# Do You Hear Mistakes When Listening?



## haydnguy (Oct 13, 2008)

I have always wondered if people that "know" about such things ever hear mistakes made by the performer on CD's.

I have assumed that in competitions with as many performers that perform that there would be occasional mistakes (even though I wouldn't recognize them) but I've wondered if there are mistakes on recordings.


----------



## DaveM (Jun 29, 2015)

haydnguy said:


> I have always wondered if people that "know" about such things ever hear mistakes made by the performer on CD's.
> 
> I have assumed that in competitions with as many performers that perform that there would be occasional mistakes (even though I wouldn't recognize them) but I've wondered if there are mistakes on recordings.

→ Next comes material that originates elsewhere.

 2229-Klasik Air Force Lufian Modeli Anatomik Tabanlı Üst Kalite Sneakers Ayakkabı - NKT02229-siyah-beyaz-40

The sort of mistakes that most people would notice are virtually always edited out of recordings. It was always a challenge back in the days of tape, requiring cutting and splicing, but is relatively easy on digital recordings. I have done semi-professional level digital editing for years and can easily edit in a few notes to cover errors. However, you can still run across occasional errors that are less noticeable such as on keyboard rapid runs. (The poor brass never get away with even subtle mistakes.)


----------



## David Phillips (Jun 26, 2017)

If you want to hear pianistic mistakes you should seek out a late Horovitz live performance of Schuman's 'Carnival' - it's a horror show.


----------



## Manxfeeder (Oct 19, 2010)

haydnguy said:


> I have always wondered if people that "know" about such things ever hear mistakes made by the performer on CD's.

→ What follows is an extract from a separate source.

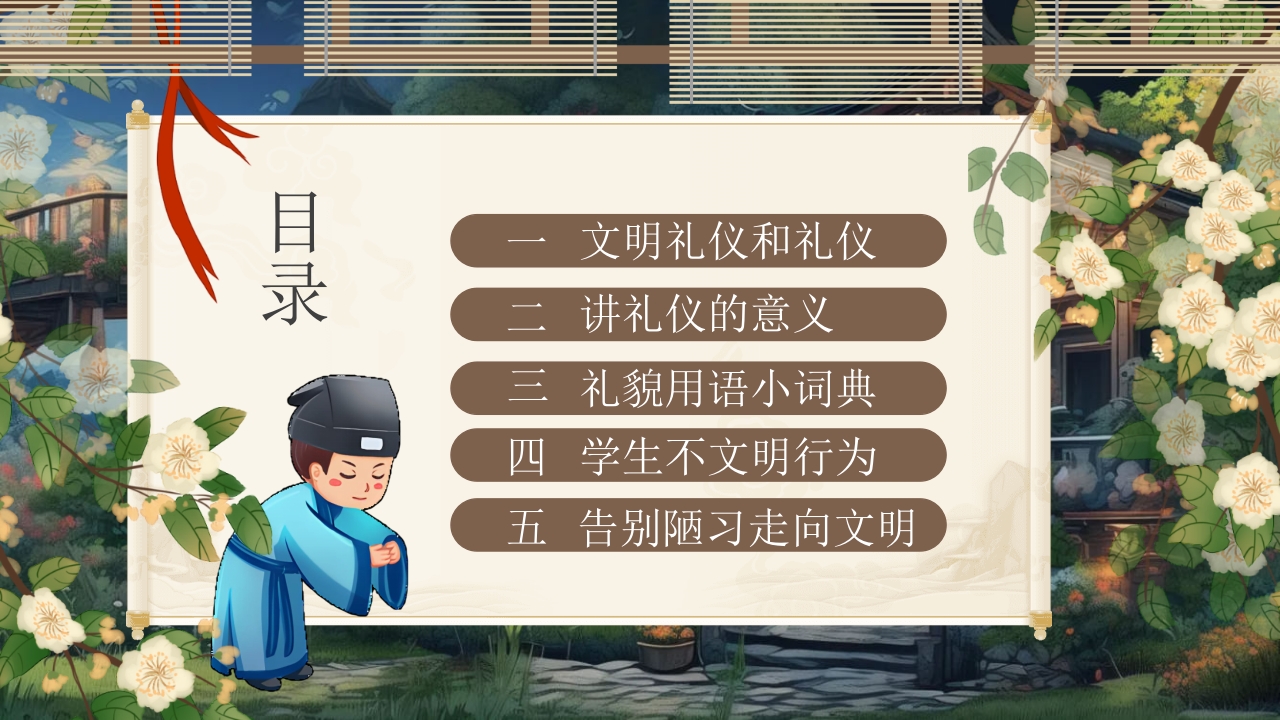 小学生文明礼仪教育PPT课件2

I have some CDs with obvious mistakes (like Schnabel's Hammerklavier and that poor horn's flub in Furtwangler's 1955 recording of Beethoven's 9th). But I have a few where the editor missed them, and it makes me feel like I'm special for catching it.

Marcus Creed has a wonderful CD of Brahms' motets, and in one of them, a soprano comes in two beats early. However, it actually works; first there is one high note, then all the other sopranos join in, and the effect is like turning a light on in a dim room.


----------



## Vasks (Dec 9, 2013)

In the last movement of Rach's Piano Concerto #3 (Cliburn & Kondrashin) the trumpet splats (or cracks, if you prefer) a note big time, but hey, it was a live recording and and as a trumpeter I can testify that splats happen...LOL!!


----------



## DavidA (Dec 14, 2012)

Vasks said:


> In the last movement of Rach's Piano Concerto #3 (Cliburn & Kondrashin) the trumpet splats (or cracks, if you prefer) a note big time, but hey, it was a live recording and and as a trumpeter I can testify that splats happen...LOL!!

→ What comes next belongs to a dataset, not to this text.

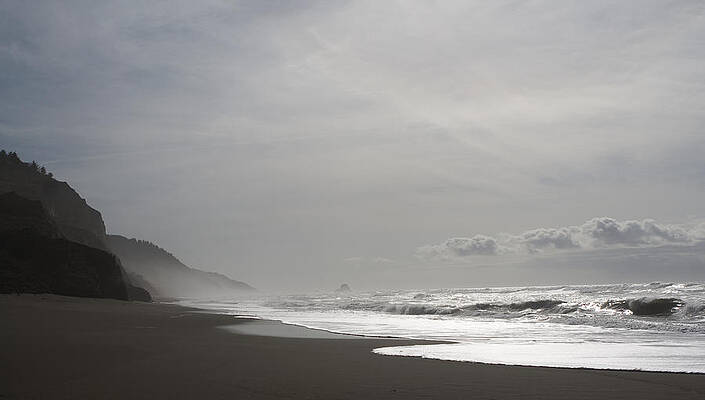 Wall Art - Photograph - Sun Flared Beach by Lorraine Devon Wilke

It was a live performance of course


----------



## goatygoatygoatgoat (May 28, 2018)

I hear a mistake on an otherwise excellent Sammartini disc. I'm no musician, but I can tell that near the end of the piece the violins aren't quite together. It's like a few of them can't catch up to the pace. It's a slight thing and otherwise I love the performance, but I always notice it.


----------



## BiscuityBoyle (Feb 5, 2018)

David Phillips said:


> If you want to hear pianistic mistakes you should seek out a late Horovitz live performance of Schuman's 'Carnival' - it's a horror show.


Or Gilels's Hammerklavier a year before his death in Moscow, though interpretatively it's one of the greatest versions.

I guess if you played the piano for a very long time reaching a certain level, and like to follow music with the score, you're bound to catch most instances even in music you never played, though it's definitely easier in Haydn than Hindemith...

Although there are certain recordings that I've grown up with without ever stopping to think whether they contain mistakes or not, where I was surprised when someone pointed them out.


----------



## mbhaub (Dec 2, 2016)

All the time. Even the big boys screw up from time to time. I used to keep a log of errors on recordings, but gave up -- there are so many. There are some works that have big errors in the orchestral parts and it's always fun to hear if the conductor or player corrected it. The percussion section in Gergiev's recording of the Borodin 2nd (Philips) is a case in point. Cymbal and Bass Drum a bar off in the finale - no one, not even the producer caught it. Score is correct, btw.

Mahler 6 from Horenstein, Mahler 2 from Klemperer - maybe they had the same bass player who erroneously enters solo. On LP it never would have been heard, what with surface noise and such. But that was one of the dangers of CD transfer - no more hiding. And missing trombones in Mahler 9 with Bernstein and Berlin!!!

Another fun thing to listen for is external noise - it usually requires headphones. But you can hear people walking across the soundstage, ambulances, helicopters and all sorts of noise on recordings made in big cities. London seems to be especially prone to this.


----------



## goatygoatygoatgoat (May 28, 2018)

mbhaub said:


> Another fun thing to listen for is external noise - it usually requires headphones. But you can hear people walking across the soundstage, ambulances, helicopters and all sorts of noise on recordings made in big cities. London seems to be especially prone to this.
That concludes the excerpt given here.